Input data ▸
━━━

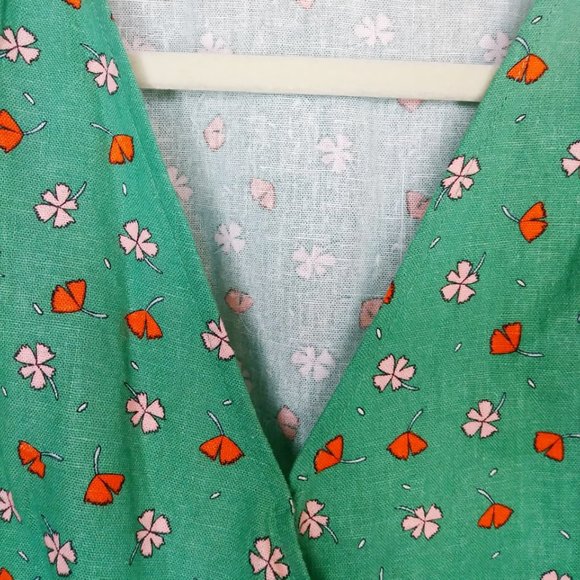 a.n.a A New Approach Green Floral Print Blouse - Picture 2 of 6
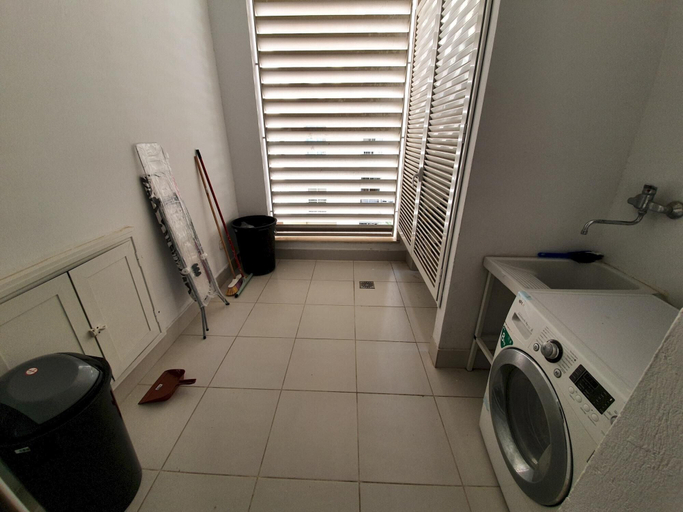 Bathroom 4, Prestige Luxurious 120m2 Next to UN Offices Lac2, Bouhaira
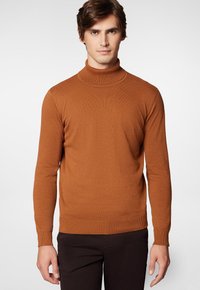Brązowy sweter z golfem wykonany z miękkiej dzianiny, z długimi rękawami i prążkowanymi detalami przy kołnierzu i dolnym wykończeniu. Prosty, dopasowany krój.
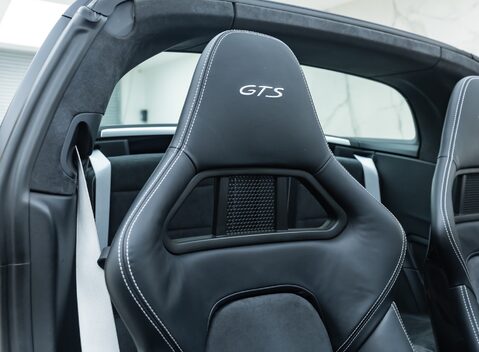 Porsche 911 Targa 4 GTS (991.2) 21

━━━

Brief ▸
Every line above is to be written out unchanged, with the pictures omitted.

Written solution ▸
 a.n.a A New Approach Green Floral Print Blouse - Picture 2 of 6
 Bathroom 4, Prestige Luxurious 120m2 Next to UN Offices Lac2, Bouhaira
Brązowy sweter z golfem wykonany z miękkiej dzianiny, z długimi rękawami i prążkowanymi detalami przy kołnierzu i dolnym wykończeniu. Prosty, dopasowany krój.
 Porsche 911 Targa 4 GTS (991.2) 21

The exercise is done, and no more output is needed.